Putting Food Safety First
Each year, foodborne illnesses cost the nation $15.6 billion and kill roughly 3,000 Americans, according to the Center for Disease Control and Prevention (CDC). Under Trump’s administration, certain safety requirements, such as cleaning hog carcasses, were eliminated and food safety inspections were deregulated. The Environmental Protection Agency (EPA) also reversed a ban on chlorpyriphos, a pesticide known to cause health problems in children.

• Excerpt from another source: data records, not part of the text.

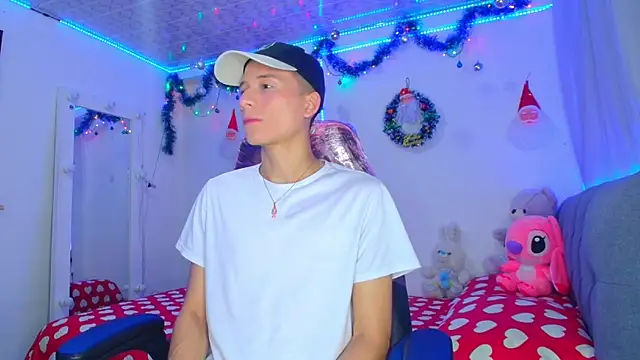 Snapshot of bryamer_19 chatting on 12-26-24, 12:57 bryamer 19 online show from 12-26-24, 12:57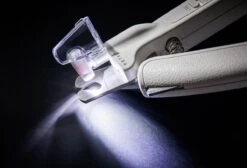 Professionele Oplaadbare LED Licht Nagelknipper, Hond, Kat, Knaagdier, Huisdieren | Dog, Cat, Nail Clipper LED Light, Rechargeable, USB Kabel | Nagelvijl - Nagelschaar Met Vijl, Opvang Van Nagels | Vergrootglas 5x | Extreem Veilig & 100% Effectief 18 Professionele Oplaadbare LED Licht Nagelknipper, Hond, Kat, Knaagdier, Huisdieren | Dog, Cat, Nail Clipper LED Light, Rechargeable, USB Kabel | Nagelvijl - Nagelschaar Met Vijl, Opvang Van Nagels | Vergrootglas 5x | Extreem Veilig & 100% Effectief -Hondenproducten 1200x818 1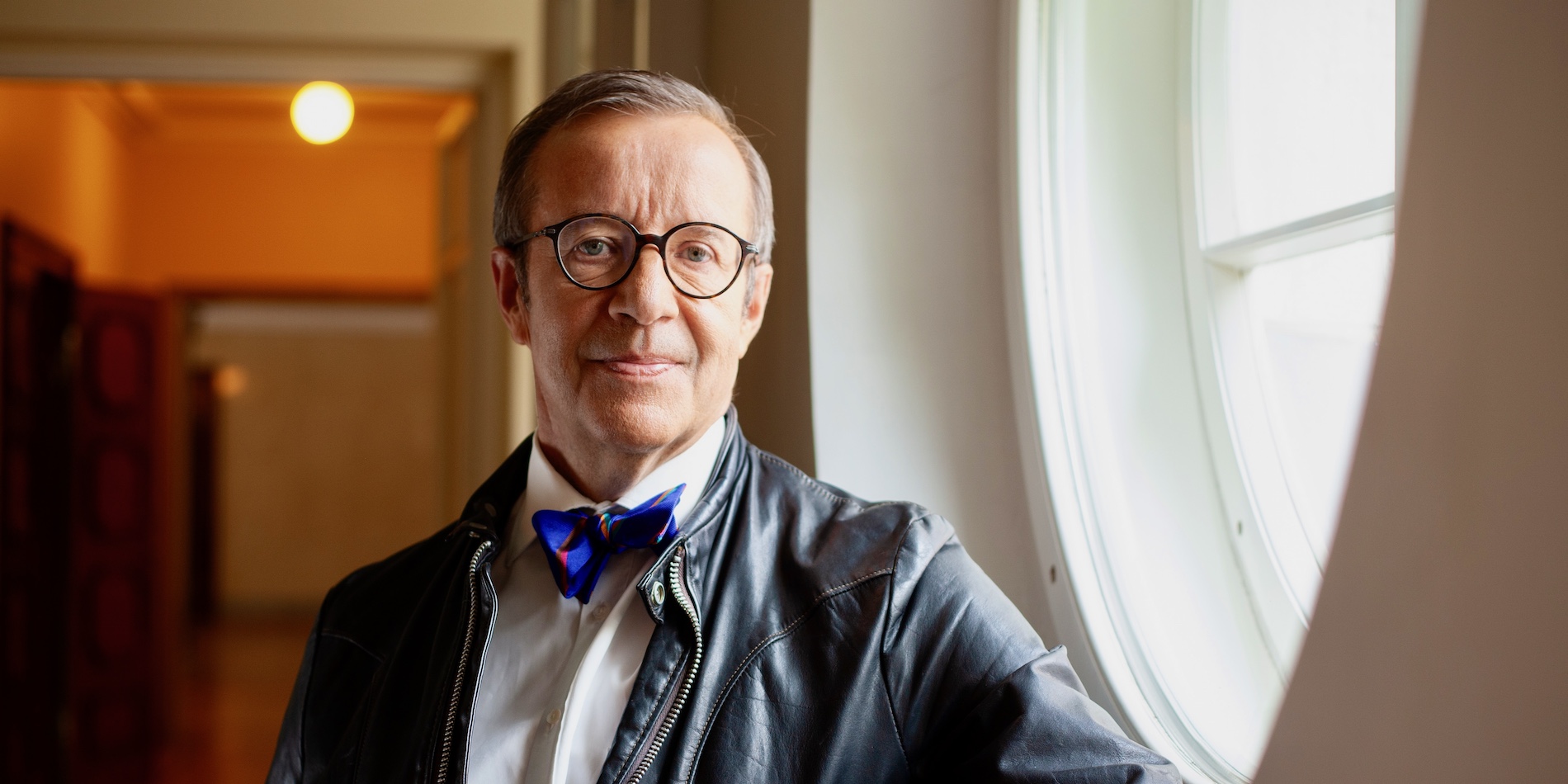 Kuni 24. aprillini õpetab Toomas Hendrik Ilves koos kommunikatsiooniuuringute kaasprofessori Sten Hanssoniga mikrokraadiprogrammis „Maailmapoliitika ja mõjutustegevus“.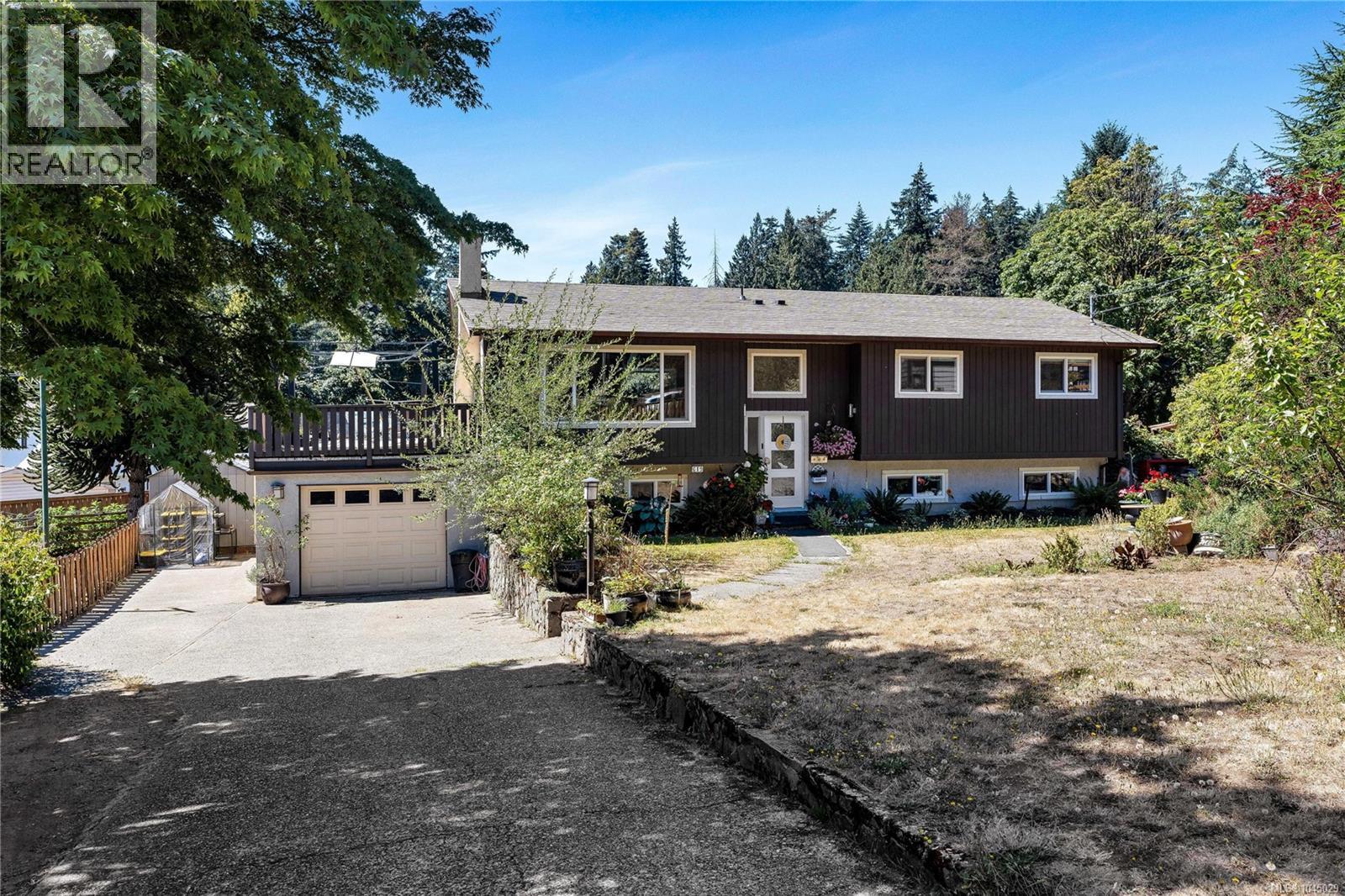 619 Sandra Pl
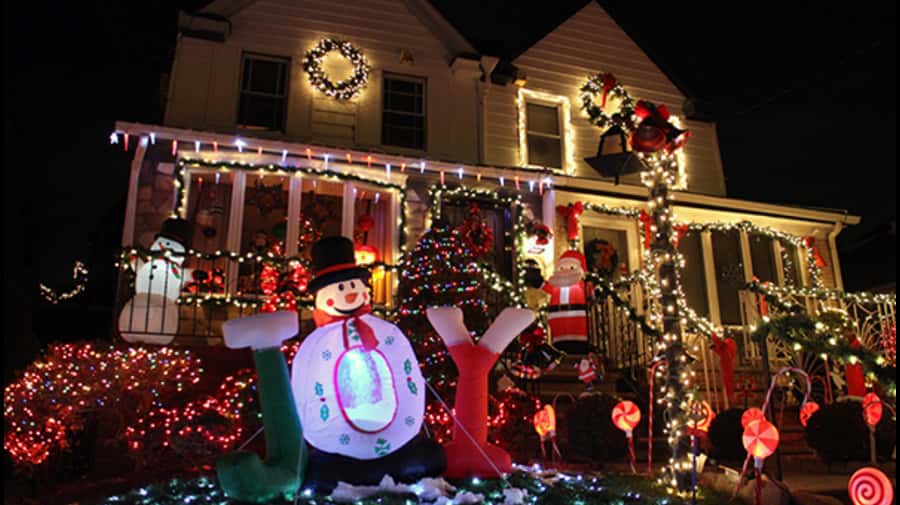 NYC: Christmas Lights Dyker Heights, Bay Ridge and DUMBO - DUMBO and the Brooklyn Bridge foundation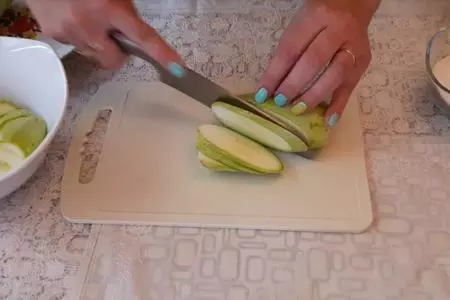 Кабачки жареные с чесночным соусом: шаг 2
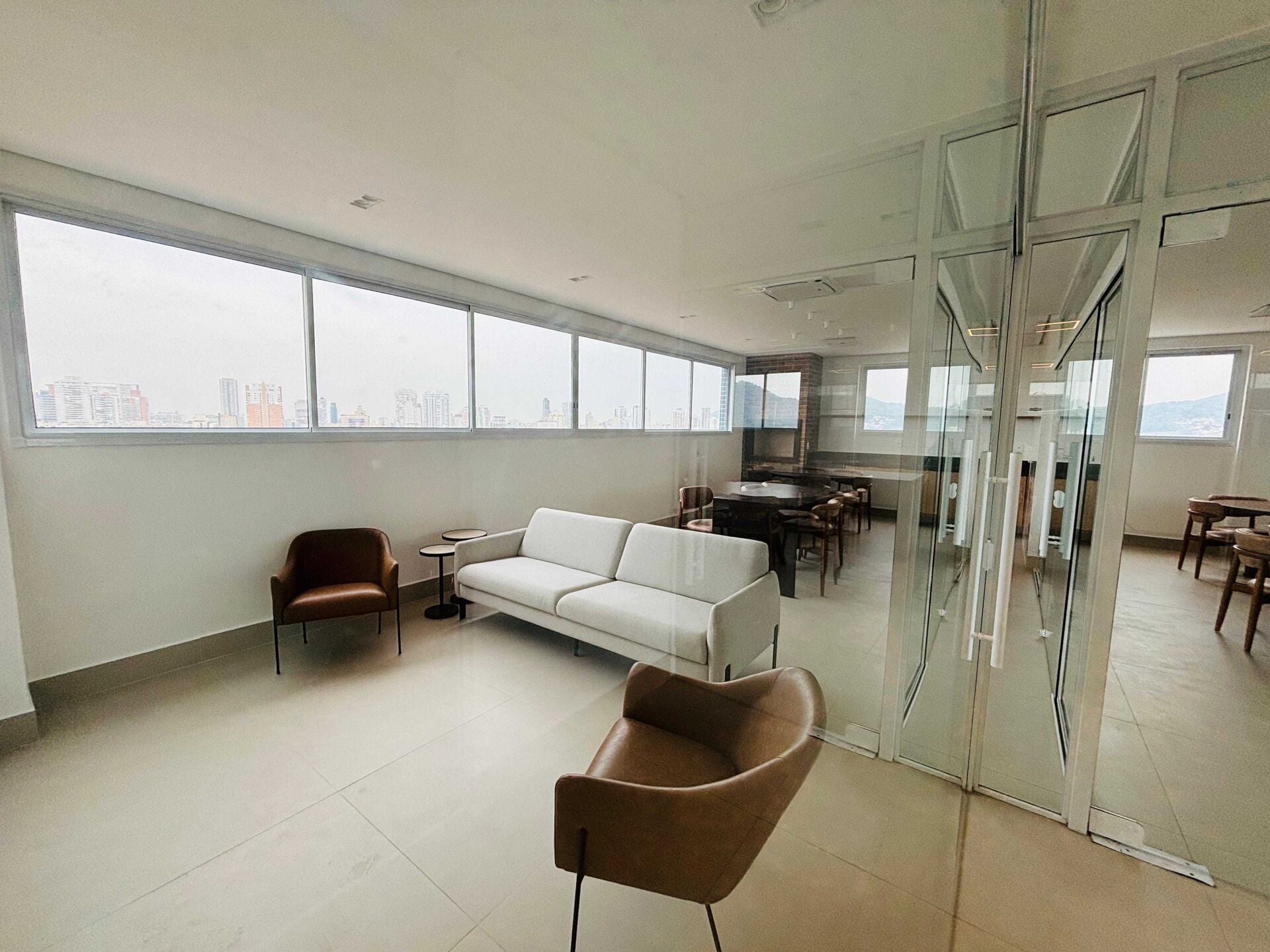 Apartamento 82 · 2 dorm. — Lazer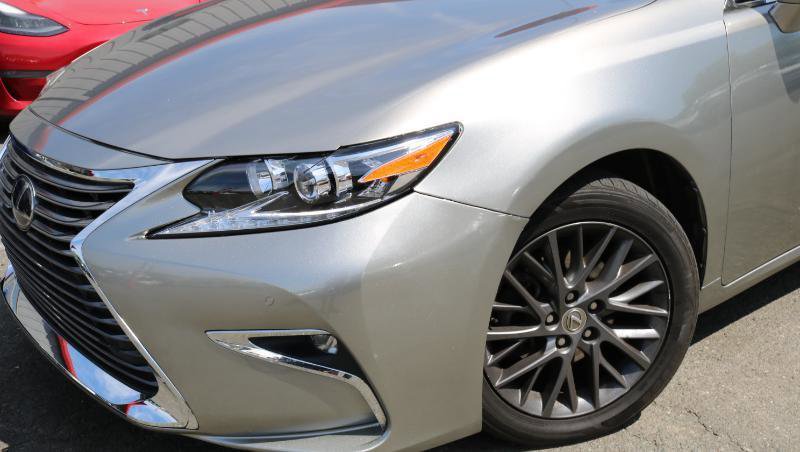 Used 2018 Lexus ES 350 w/ Premier Package FWD image 3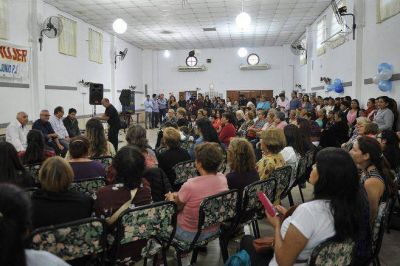 Zamora dijo que mucha gente �ya perdi� todo con las medidas insensibles del gobierno nacional�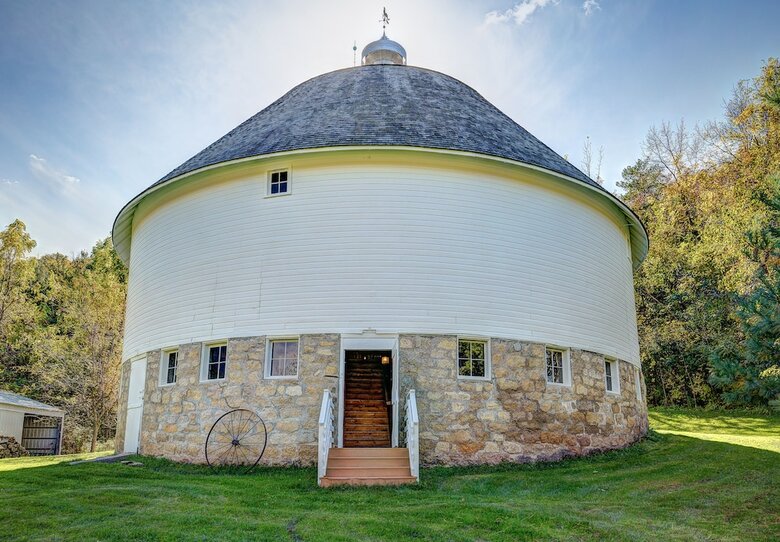 Bed & Breakfast Round Barn Farm B & B Event Center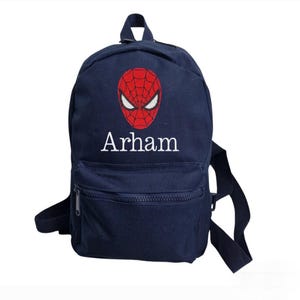 Sac à dos personnalisé brodé | mini-sac de bébé pour tout-petits | sac à dos personnalisé pour enfants | retour à l'école. Sac à dos pour enfants. Cadeau d'anniversaire pour enfants.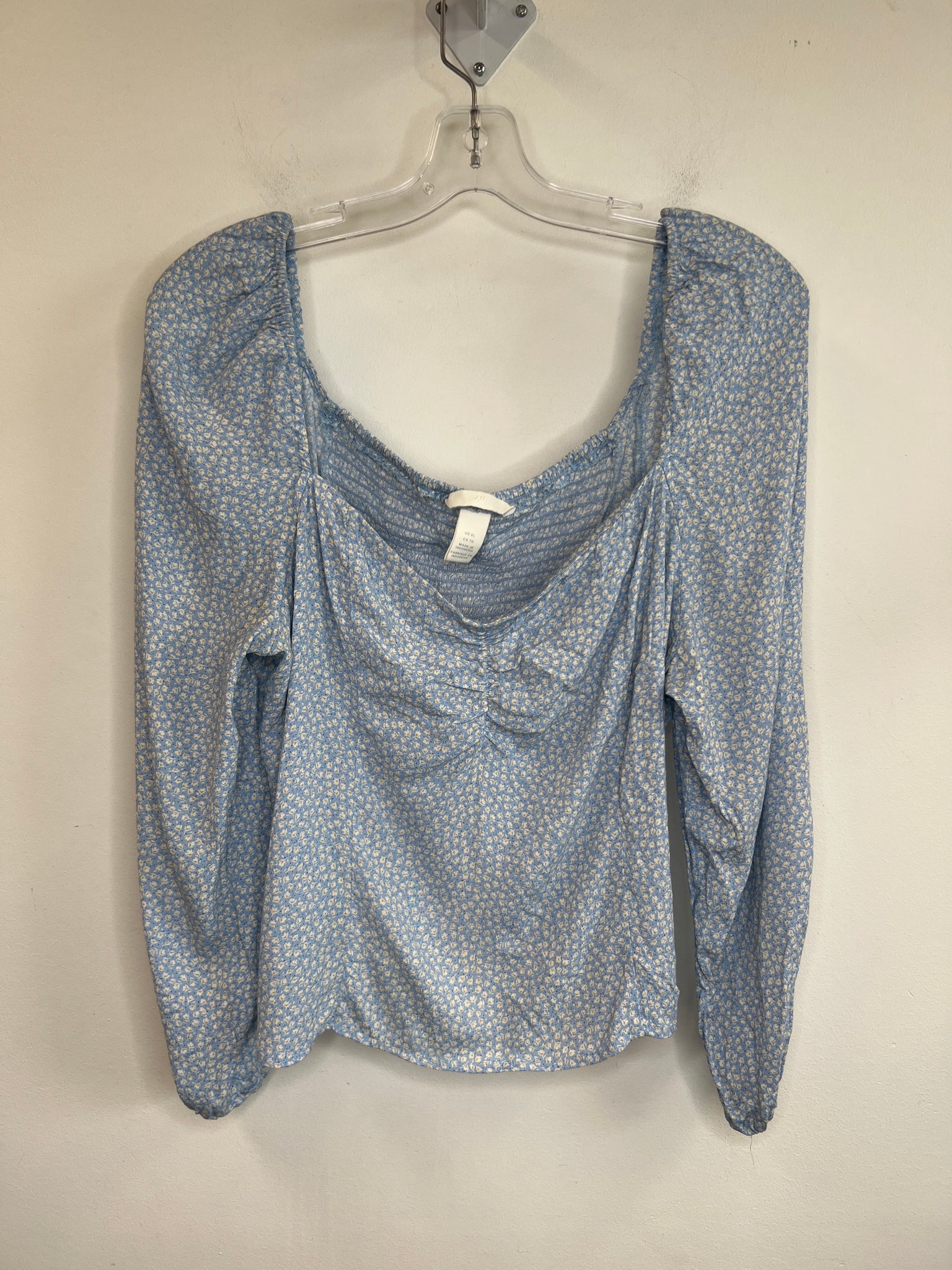 H&M Light Blue Floral Long Sleeve Crop Top (XL)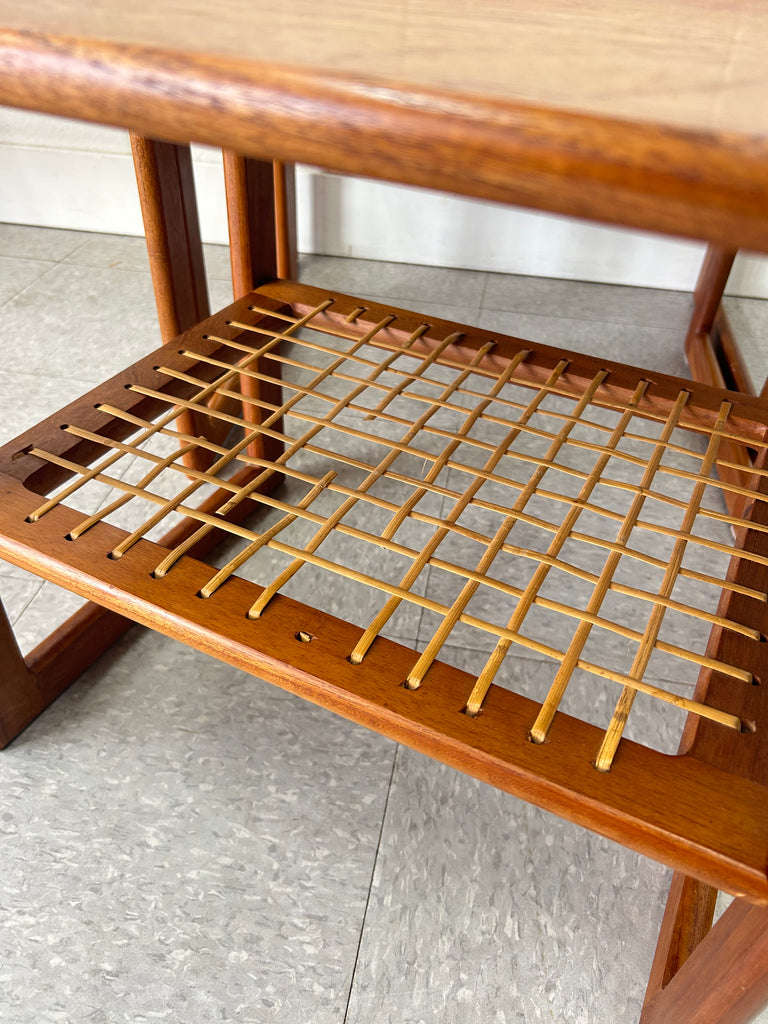 Teak nesting table set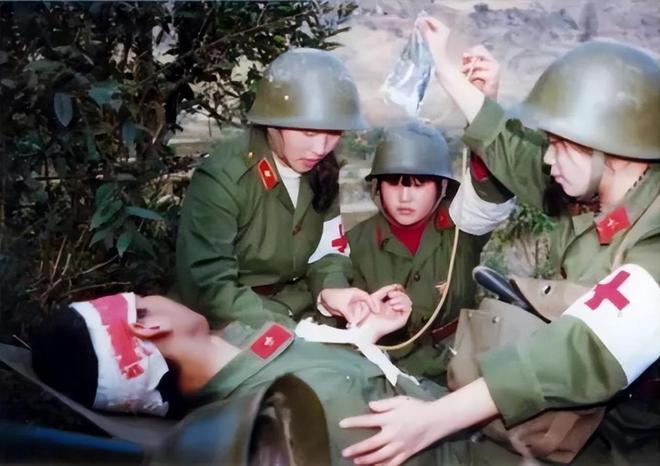中国女兵照片大全，展现铿锵玫瑰的英勇风采，中国女兵英勇风采照片大全，铿锵玫瑰的荣耀时刻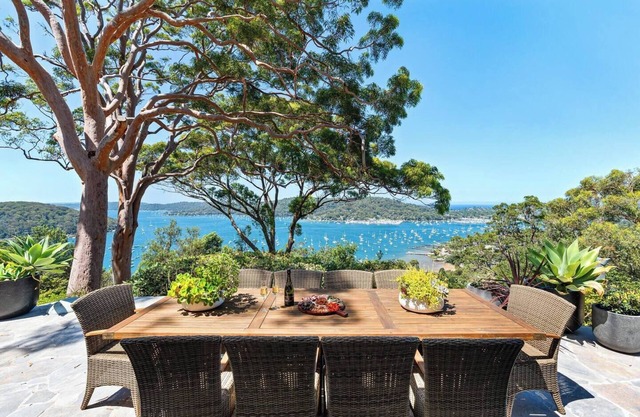 Ridgedale House & Cottage – Luxurious Seaside Retreat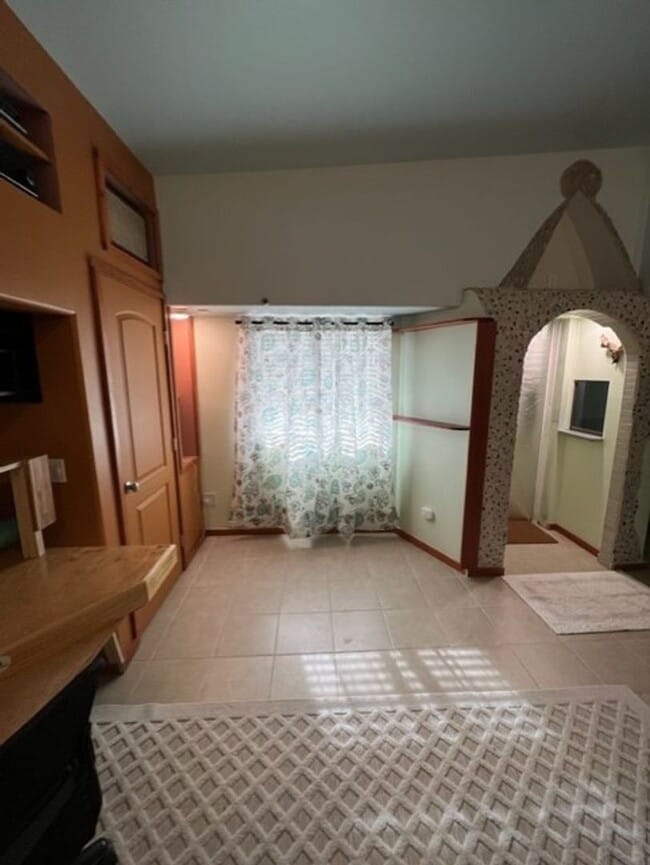 Building Photo - Furnished Efficency with Utilities Ready Now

The Biden administration could reinstate the ban on chlorpyriphos and reverse the deregulation of safety inspections and other measures that do not protect people from unsafe food. An emphasis could also be put on reviewing the safety of certain pesticides and chemicals found in food packaging.
To combat foodborne illness outbreaks, growers should be required to test irrigation water for harmful pathogens and address the heightened threat of pathogens in meat and poultry. The risks must be addressed where they start — in crowded meat processing plants and feedlots.
Boosting America’s Food System
Biden has the potential to be a president that embraces and funds food technology and innovation given his science-forward approach. Outside of traditional agriculture, the government hasn’t focused its efforts to support new food technologies as seen in countries like China, Singapore and parts of the European Union. Biden’s administration could create a food innovation catalyst to invest in new technologies and incentivize agricultural workers to take advantage of available tech.
If food and agricultural innovation was a priority for Biden, he could work with the Food and Drug Administration (FDA) or the USDA to create a formal office within the government. However, a more achievable approach is to build an advisory council through which leaders and visionaries in the food and beverage industry give advice and suggest ideas with science and business in mind.
With a new administration, there are plenty of opportunities to push for building strong foundations and strengthening the food system that America has struggled with for decades. However, it remains to be seen whether the House of Representatives and the Senate will be on Biden’s side when it comes to passing legislation.